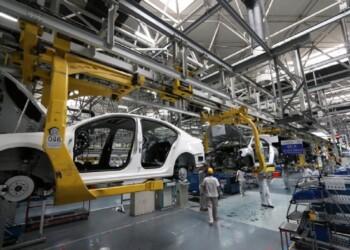 Advierten que faltan 0Km y hasta de repuestos para arreglar vehículos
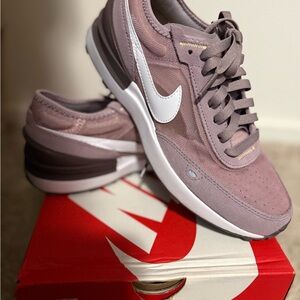 Nike Kids Sneakers - Mauve and White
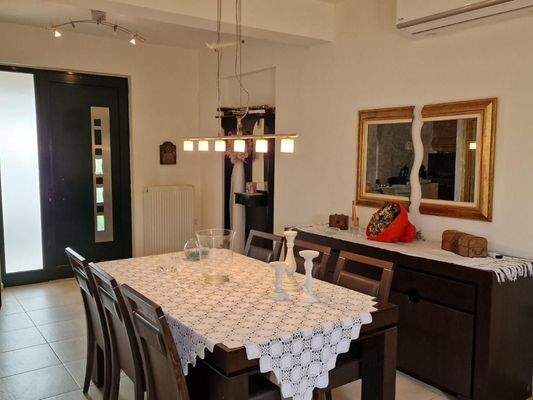 Kreta, Chersonisos: Große Villa am Dorfrand zu verkaufen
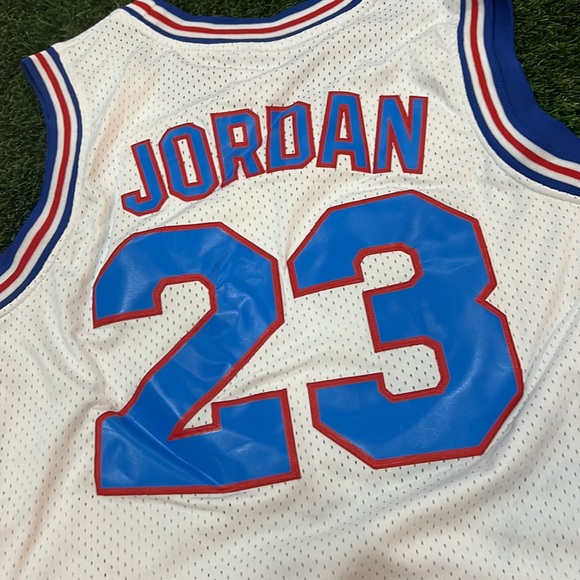 Tune Squad Michael Jordan jersey - Picture 5 of 7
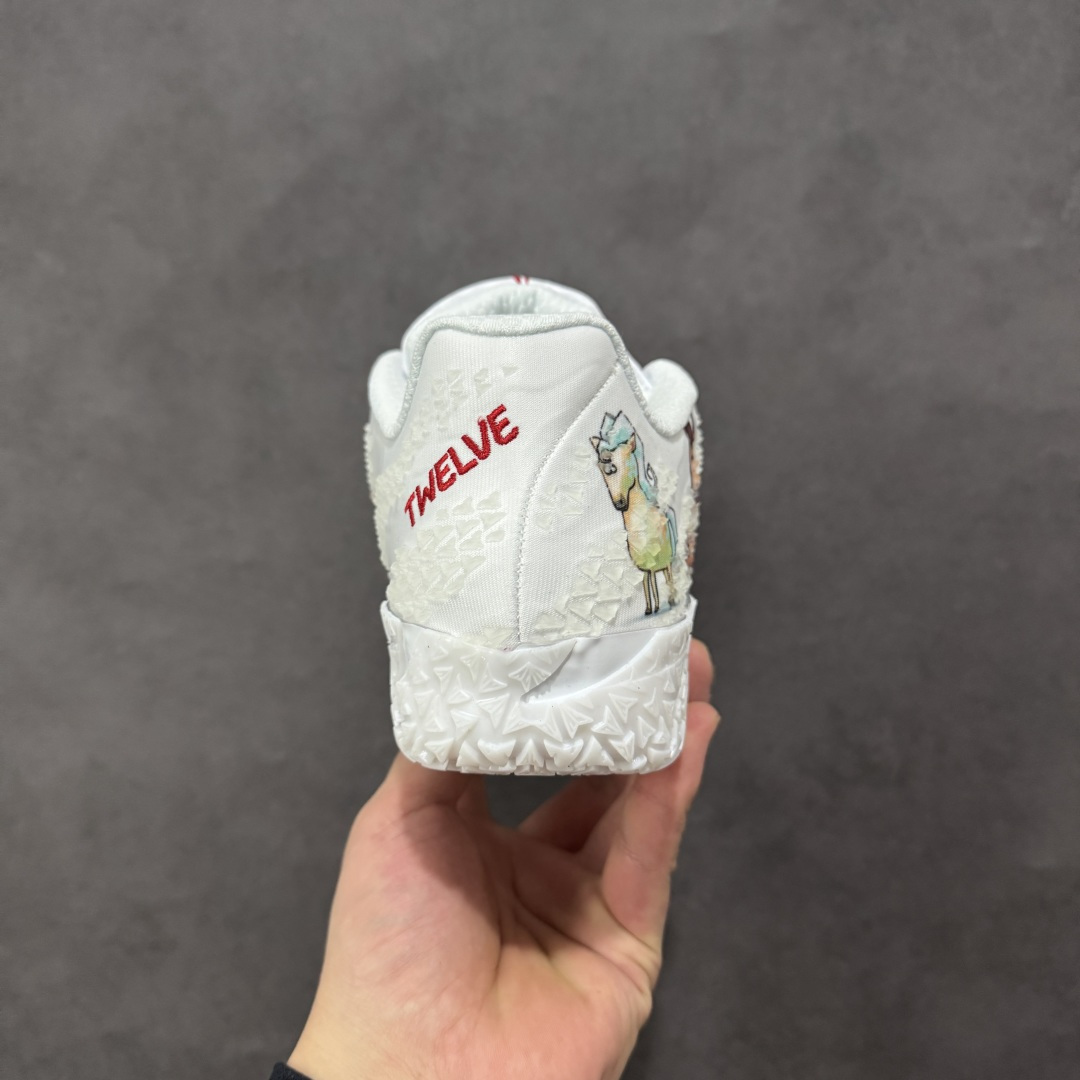 图片[4]-【定制版】Nike JA 3 莫兰特3代 马年限定 CNY新年款 耐克时尚百搭 耐磨透气 低帮篮球鞋 鞋面由柔软的纺织品和柔软的磨绒面皮组合而成 脚踝处带有透气孔 鞋款内部采用舒适的尼龙衬里 采用了配有气垫泡沫中底 半透明外底的设计增强了抓地力 货号：HF2794-007 尺码：38 38.5 39 40 40.5 41 42 42.5 43 44 45 46-选品中心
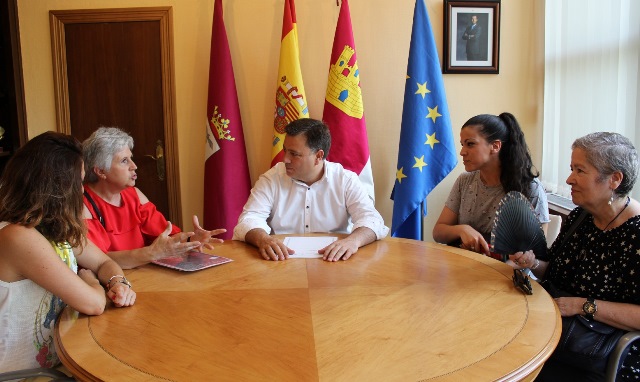 La IV Muestra Nacional de Encajes de Albacete servirá de referencia para más de 550 encajeras de toda España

────

What you will do: Give back exactly the lines from the top of the records to the line containing "Tune Squad Michael", both included, and no pictures.

Result for this task:
 Advierten que faltan 0Km y hasta de repuestos para arreglar vehículos
 Nike Kids Sneakers - Mauve and White
 Kreta, Chersonisos: Große Villa am Dorfrand zu verkaufen
 Tune Squad Michael Jordan jersey - Picture 5 of 7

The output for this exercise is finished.